Ironie du sort, le pays où est né le micro-crédit est le théâtre de drames à cause du micro-crédit. Ces derniers mois, plusieurs paysans en situation de surendettement se sont donnés la mort. Un Etat est plus touché que les autres.
Le prix Nobel de la paix, Mohammad Yunus, l'inventeur du micro-crédit l'admet lui aussi : "Il faut mettre de l'ordre dans le micro-crédit" avant d'ajouter dans une interview donnée au journal français La Croix : "Le micro-crédit ne doit pas être présenté comme une opportunité pour gagner de l'argent. Il doit d'abord servir à créer de l'activité, à permettre aux plus démunis d'avoir un métier". Car si de nombreuses agences de prêt se targuent d'avoir une vocation d'aide et se disent solidaires, dans les faits, les agents de recouvrement sont souvent accusés de harceler les emprunteurs. Dans l'Etat de l'Andhra Pradesh, au Sud de l'Inde, les taux d'intérêts avoisinent parfois les 36%. Ces derniers mois, une cinquantaine de paysans croulant sous les dettes se sont suicidés dans cet État.
Une loi pour encadrer le secteur de la micro-finance
Avec 2 milliards de dollars, l'Etat de l'Andhra Pradesh représente à lui seul 30% de la totalité des micro-crédits alloués dans le pays. Un marché porteur pour les 270 institutions de micro-finance (IMF) enregistrées dans l’État. Parmi ces IMF se trouvent des ONG, des coopératives, des banques rurales et même une société cotée en bourse comme SKS, (un acteur majeur du micro-crédit en Inde ayant démarré son activité sous le statut d'organisation à but non lucratif). Mais les "banquiers des pauvres" se montrent de plus en plus insistants et font payer des taux d'intérêts très élevés.

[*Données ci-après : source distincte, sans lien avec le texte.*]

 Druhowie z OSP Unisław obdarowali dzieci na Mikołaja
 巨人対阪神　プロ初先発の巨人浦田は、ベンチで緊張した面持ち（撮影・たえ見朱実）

La dérive a été telle que l'Etat de l'Andhra Pradesh a choisi de réglementer le secteur du micro-crédit. Selon le projet de loi, les emprunteurs devront par exemple rembourser leurs prêts dans des bureaux gouvernementaux, ce qui signifie qu'ils ne recevront plus chez eux les percepteurs, accusés d'abus pour collecter les dettes.
L'initiative de l'Andhra Pradesh pourrait aussi donner des idées à la Banque centrale indienne qui devrait intervenir en janvier 2011 pour réguler le marché du micro-crédit. En Inde, le secteur du micro-crédit est très développé. Il existe, dans ce pays de plus de 1,1 milliard d'habitants, plus de 3000 établissements de micro-finance qui prêtent au total plus de sept milliards de dollars à près de 80 millions de clients.